Ricetta Clima: si salvi chi può!

DI FABIO BORLENGHI

 

Era il 1992 quando a Rio de Janeiro iniziò la lunga serie di meeting internazionali sul problema del riscaldamento del clima, o global warming.

Seguì il ben noto Protocollo di Kyoto del 1997 che rappresentò un momento storico per la lotta ai cambiamenti climatici, con molti paesi intenti a sottoscrivere importanti impegni sulla riduzione delle proprie emissioni di CO2 in due diversi intervalli temporali, il primo con obiettivo di ridurre le emissioni del 5% rispetto al 1990 nel periodo 2008 – 2012 e il secondo col target di riduzione questa volta del 18%, sempre rispetto al 1990, ma nel periodo successivo 2013 – 2020.
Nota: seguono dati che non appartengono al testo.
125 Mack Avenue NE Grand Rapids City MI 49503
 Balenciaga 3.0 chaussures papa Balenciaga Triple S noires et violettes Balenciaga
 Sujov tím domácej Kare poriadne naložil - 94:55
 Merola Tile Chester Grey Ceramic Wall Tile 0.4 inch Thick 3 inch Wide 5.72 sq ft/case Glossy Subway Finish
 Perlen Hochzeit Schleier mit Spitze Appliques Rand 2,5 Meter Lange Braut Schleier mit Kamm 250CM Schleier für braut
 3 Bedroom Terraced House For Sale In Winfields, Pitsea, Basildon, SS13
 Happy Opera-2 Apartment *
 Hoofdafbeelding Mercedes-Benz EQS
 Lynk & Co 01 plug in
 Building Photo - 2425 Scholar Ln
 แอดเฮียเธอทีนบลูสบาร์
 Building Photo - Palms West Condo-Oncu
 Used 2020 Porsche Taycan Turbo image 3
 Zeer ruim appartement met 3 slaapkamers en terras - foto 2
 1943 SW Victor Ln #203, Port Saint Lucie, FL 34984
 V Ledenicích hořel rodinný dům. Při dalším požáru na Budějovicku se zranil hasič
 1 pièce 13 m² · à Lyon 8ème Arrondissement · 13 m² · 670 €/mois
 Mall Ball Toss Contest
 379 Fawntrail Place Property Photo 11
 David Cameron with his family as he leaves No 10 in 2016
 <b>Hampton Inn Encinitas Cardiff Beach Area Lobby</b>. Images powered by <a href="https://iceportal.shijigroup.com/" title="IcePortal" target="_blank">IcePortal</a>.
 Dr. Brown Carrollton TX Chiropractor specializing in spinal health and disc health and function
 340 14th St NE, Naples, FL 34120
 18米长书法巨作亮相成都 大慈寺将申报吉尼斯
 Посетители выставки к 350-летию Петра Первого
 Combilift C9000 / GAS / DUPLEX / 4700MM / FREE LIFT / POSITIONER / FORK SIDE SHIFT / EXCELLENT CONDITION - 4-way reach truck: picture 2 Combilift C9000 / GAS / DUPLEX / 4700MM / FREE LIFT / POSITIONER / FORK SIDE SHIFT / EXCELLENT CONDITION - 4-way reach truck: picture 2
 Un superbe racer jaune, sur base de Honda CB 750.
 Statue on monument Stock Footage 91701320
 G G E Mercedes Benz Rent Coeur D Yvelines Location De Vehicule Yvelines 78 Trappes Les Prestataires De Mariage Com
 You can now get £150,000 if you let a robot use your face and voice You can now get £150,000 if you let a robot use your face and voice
Tanti altri meeting seguirono negli anni successivi fino all’accordo di Parigi del 2015 nel quale ben 195 paesi sottoscrissero l’ambizioso obiettivo di contenere il rialzo della temperatura del pianeta di 2°C rispetto al livello pre-industriale del XIX secolo. Fu il primo accordo vincolante fra paesi sottoscrittori.

Arriviamo così alla conferenza di Madrid del dicembre 2019, tenutasi sotto l’egida dell’ONU, denominata COP25. Questo incontro è sostanzialmente fallito principalmente per la mancata intesa sul tema del cosiddetto commercio delle quote di carbonio che in parole povere significa che chi non può adempiere una parte degli obiettivi del piano, per criticità interne al proprio paese, può finanziare progetti ambientali di altri paesi, con meno risorse finanziarie, acquisendo così dei crediti con valore compensativo. In finale tutto si è concluso con l’ennesimo appello a presentare alla prossima conferenza, che si terrà a Glasgow nel novembre 2020 (COP26), nuovi piani di azione ancora una volta finalizzati a questo benedetto (o meglio maledetto..) contenimento dell’aumento della temperatura dell’aria, questa volta entro 1,5°C nei confronti dei già citati riferimenti storici.

Unica certezza in tutto questo baillame è rappresentata dall’aumento costante di CO2 nell’atmosfera del nostro pianeta. Quarant’anni fa furono registrati 340 ppm di CO2 e oggi stiamo intorno ai 410 ppm con un andamento grafico rappresentato da un segmento di retta in salita senza alcuna tendenza a diminuire.

Nell’era pre-industriale il livello di CO2 era intorno ai 200 ppm, condizione indispensabile per la sopravvivenza dell’uomo sulla terra perché in assenza di questo seppur contenuto livello di anidride carbonica la temperatura media terrestre sarebbe eccessivamente bassa.

Ora si ha la netta sensazione di essere di fronte a una sorta di gigantesca loop di stile informatico nella quale operano sempre gli stessi soggetti animati sempre dalle medesime motivazioni: la gente comune e le associazioni ambientaliste spingono, giustamente, i politici a proporre interventi risolutivi nei quali i politici stessi fingono di credere per non sfigurare agli occhi dei propri elettori.

Politici e tecnici si vedono poi alle consuete conferenze sponsorizzate nientemeno che dall’ONU e seguono estenuanti riunioni che finiscono con risoluzioni del tipo “dobbiamo fare di più!..”.

La verità è che questi stessi politici, una volta tornati a casa, si arrampicano sui vetri per sostenere un prodotto interno lordo figlio di un modello di società incompatibile con la diminuzione della CO2, con buona pace dello “sviluppo sostenibile”..

Insomma che fare? Il problema dei problemi è l’aumento demografico mondiale, completamente fuori controllo e slegato dalle risorse non infinite del pianeta e al quale nessun processo politico sembra saper porre rimedio. Segue poi lo stile di vita della gente che non cambia dall’oggi al domani a seguito di una conferenza targata ONU, semmai sono i giovani che, presa coscienza del problema e soprattutto avendo davanti a loro molti anni da vivere, possono imporsi scelte di vita più green.

Ma è tutto da dimostrare. Intanto il tempo scorre impietoso e madre natura va avanti come un treno. In finale si ha l’impressione che nessuno abbia il coraggio di ammettere che forse siamo vicini al “si salvi chi può!..”.